* _INFORMATION SUPPLIED_
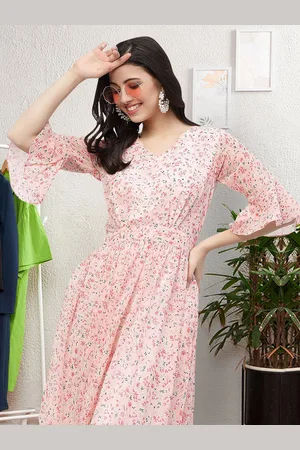 Moda Rapido Floral Print Applique Fit & Flare Dress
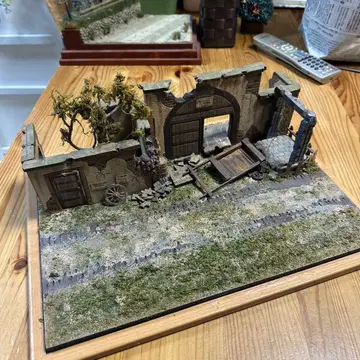 디오라마 베이스 폐허의 건물 1/35 완성품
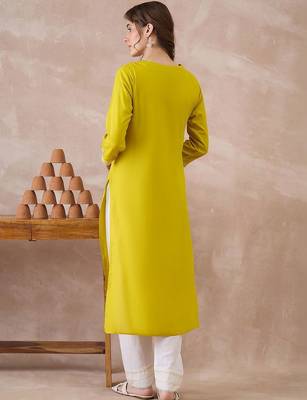 Yellow women ethnic motifs embroidered thread work kurta 5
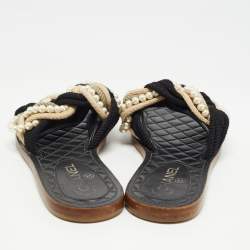 Chanel Multicolor Rope With Faux Pearls Cuba Slide Sandals Size 37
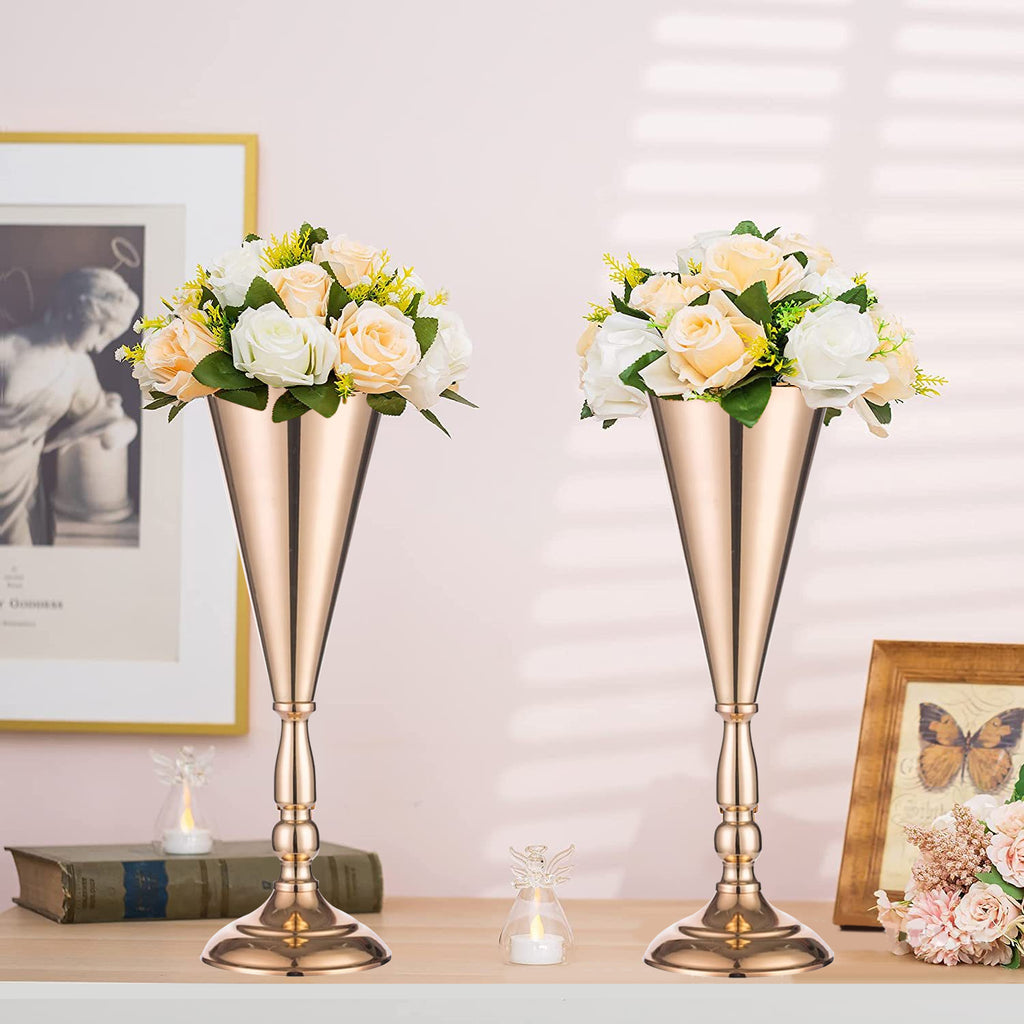 2 Pcs Golden Vase Flower Wedding Centerpieces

* _GOAL OF THE EXERCISE_
All of the material should be written out again exactly, apart from the pictures.

* _SOLVED PROBLEM_
 Moda Rapido Floral Print Applique Fit & Flare Dress
 디오라마 베이스 폐허의 건물 1/35 완성품
 Yellow women ethnic motifs embroidered thread work kurta 5
 Chanel Multicolor Rope With Faux Pearls Cuba Slide Sandals Size 37
 2 Pcs Golden Vase Flower Wedding Centerpieces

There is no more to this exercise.